Instead ‘social psychiatry’ curricula consider ethnic and sexual minority groups, homelessness, insurance programs, and the structure of mental health programs. Even then, the causal role that minority status may play in collective and individual suffering is minimized. Many psychiatrists still believe that 1% of the population has schizophrenia, without respect to gender, ethnicity, or geography, despite widespread differences in the incidence of psychosis, even within the same city.55 As Kleinman observed, the rest of medicine began to embrace the social sciences at the same time that psychiatry was turning her back on it.37 Lay opinion holds that psychiatric illnesses are significantly influenced if not entirely caused by social factors.56 Psychiatrists risk being out of touch with the public if they do not have a full appreciation of the effects of social factors on the etiology and course of mental illness.


The Clinical Epidemiological Basis of Psychiatry

Evidence based care is supposed to drive up standards, ensure uniformity, establish best practice, guide clinicians and protect patients.

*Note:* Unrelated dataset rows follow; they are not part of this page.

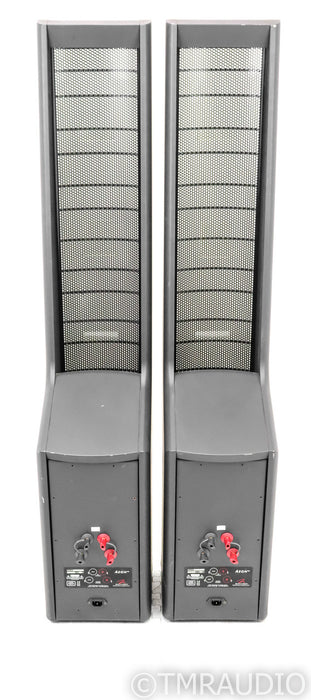 Martin Logan AEON Electrostatic Floorstanding Speakers; Black & Maple Pair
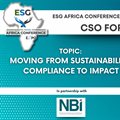 Moving from sustainability compliance to impact
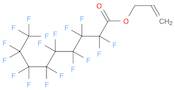 Nonanoic acid, 2,2,3,3,4,4,5,5,6,6,7,7,8,8,9,9,9-heptadecafluoro-, 2-propen-1-yl ester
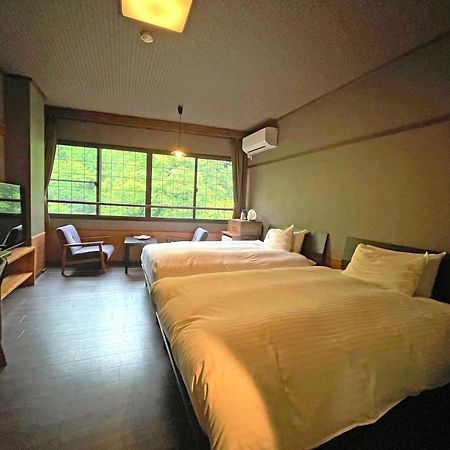 Kutsurogijyuku Shintaki Otel Aizuwakamatsu Dış mekan fotoğraf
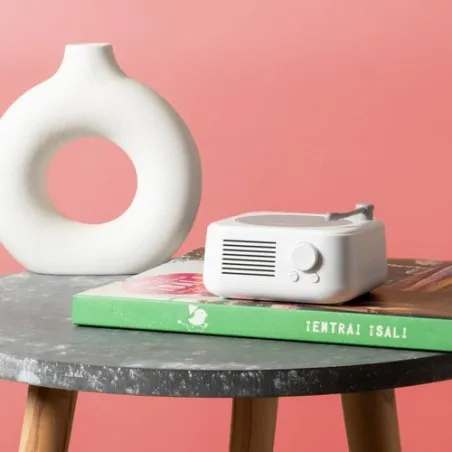 Haut-Parleur Bluetooth Personnalisé - Bitels Matières : liège Couleurs : brun impression haute définition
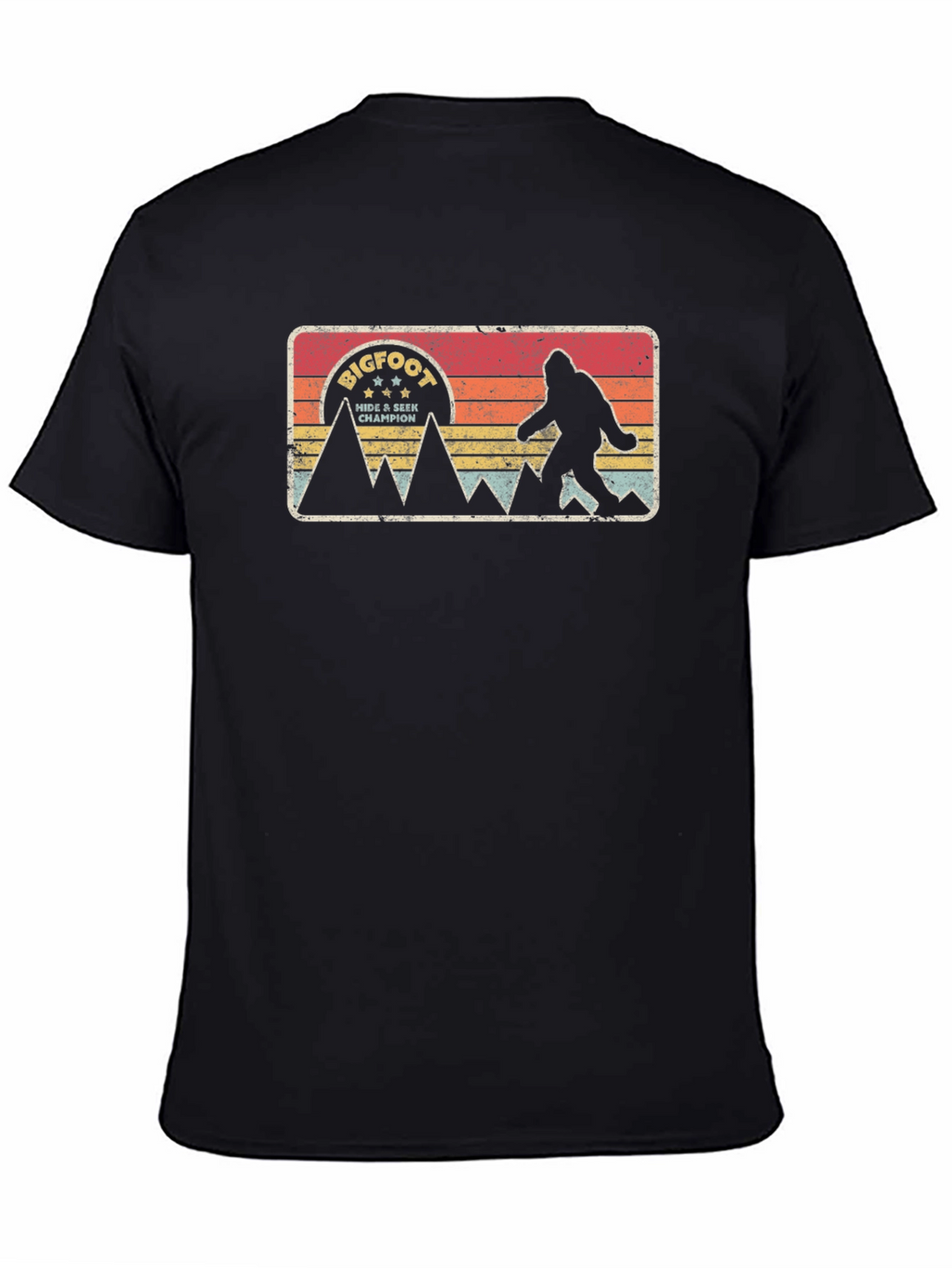 Bigfoot Hide & Seek Champion T-Shirt
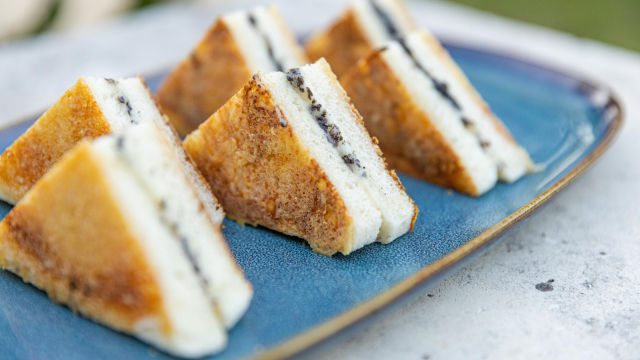 Topli sendviči s tartufima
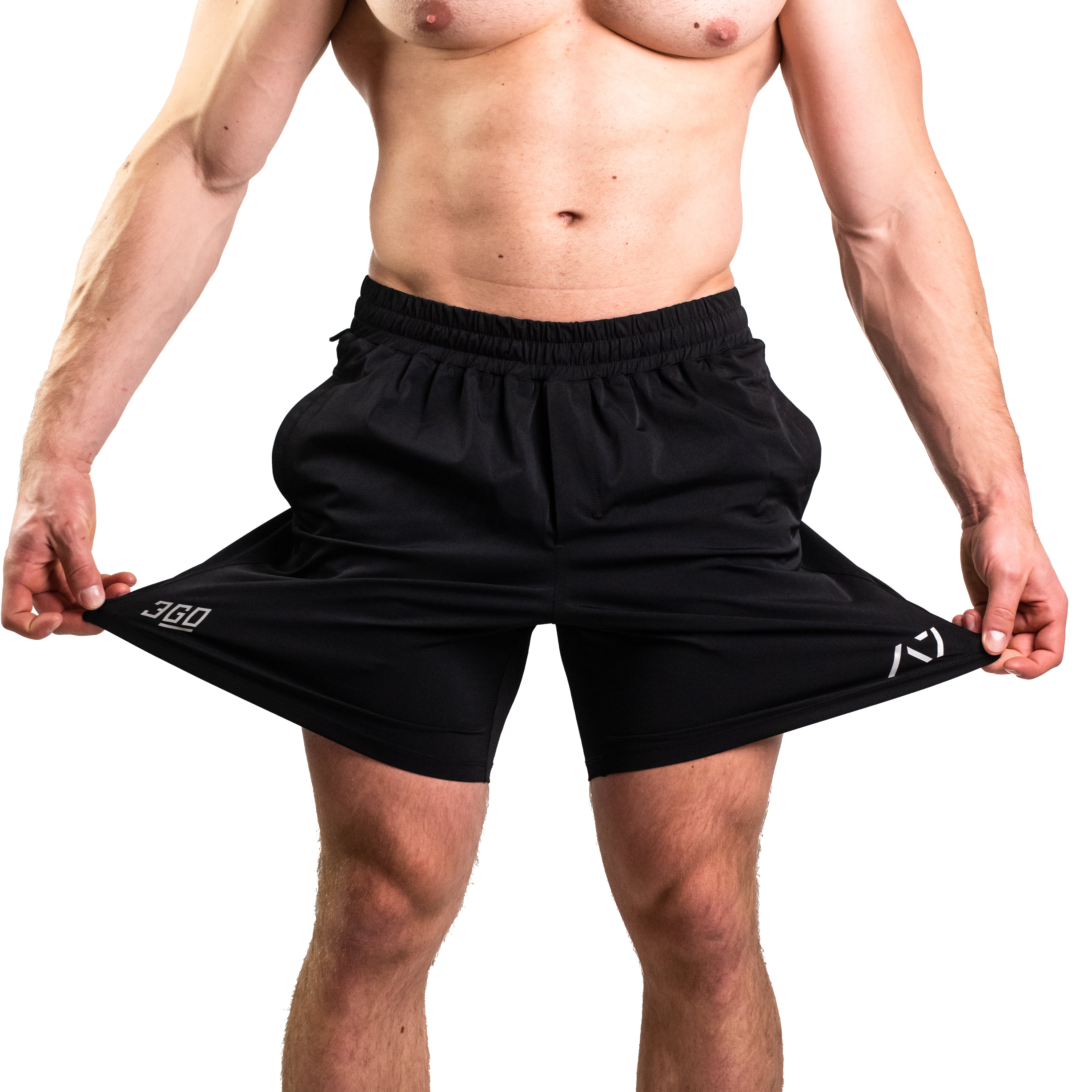 360Go Shorts - Black - A7
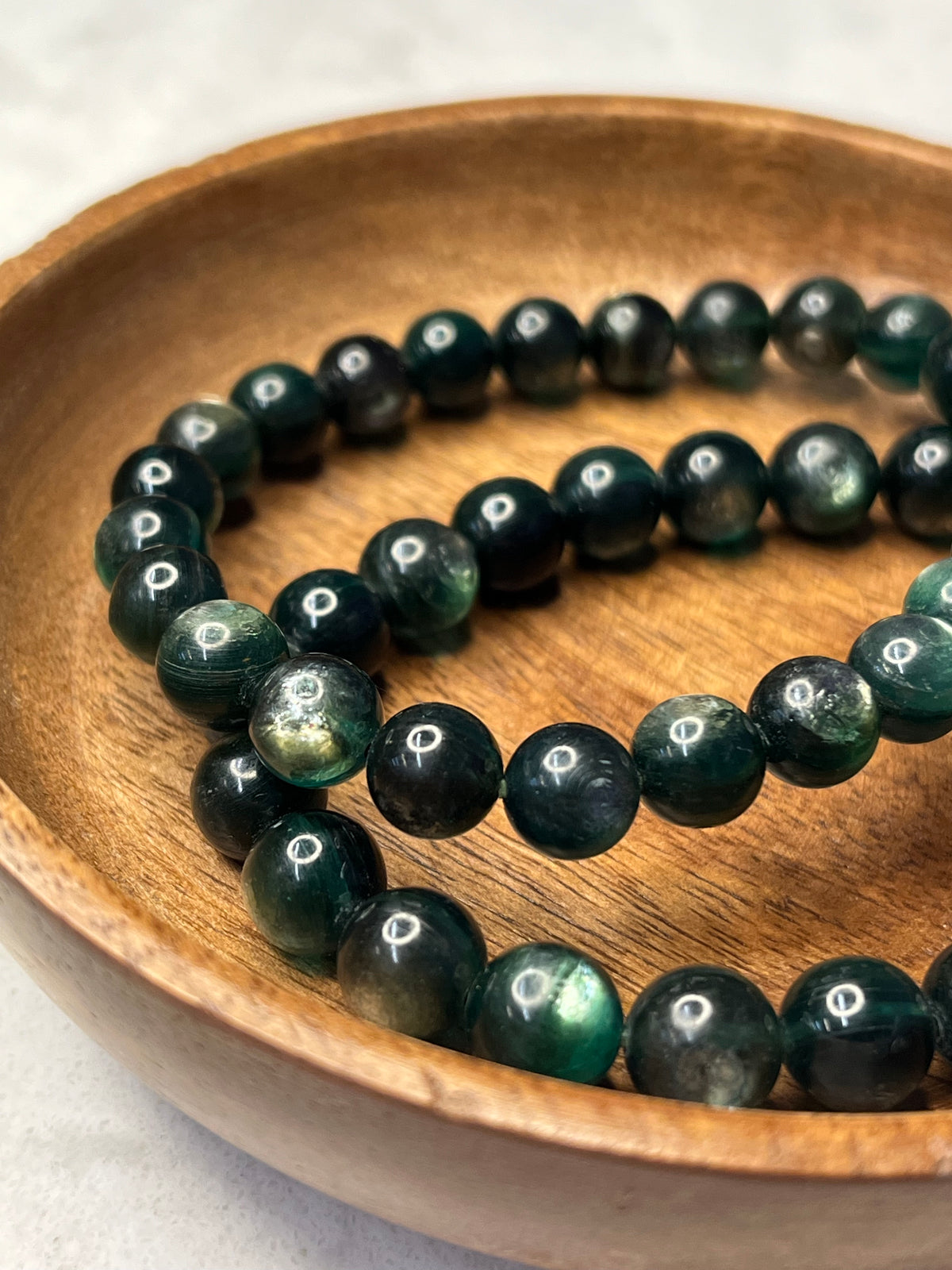 Green Lepidolite Bracelet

This should be celebrated. Instead, evidence-based mental health is openly disparaged,57 and when psychiatrists don’t get the results they want, they ignore them, suppress them, or denounce them. The suggestion that antipsychotics could worsen the course of psychosis19 was such an important one that you would think it would deserve considerable study, yet it has been largely forgotten. The finding that antipsychotics cause significant cerebral volume loss, rather than immediately being published,58 was analyzed again and again, until the reality of this finding could no longer be denied.59 When randomized controlled trials, the gold-standard investigation, showed that SSRIs were associated with suicidal ideation,60 the results were denounced invoking correlational studies showing a inverse relationship between adolescent suicides with SSRI prescriptions,61 despite these studies being methodologically inferior. These attitudes have repercussions on the training of psychiatrists.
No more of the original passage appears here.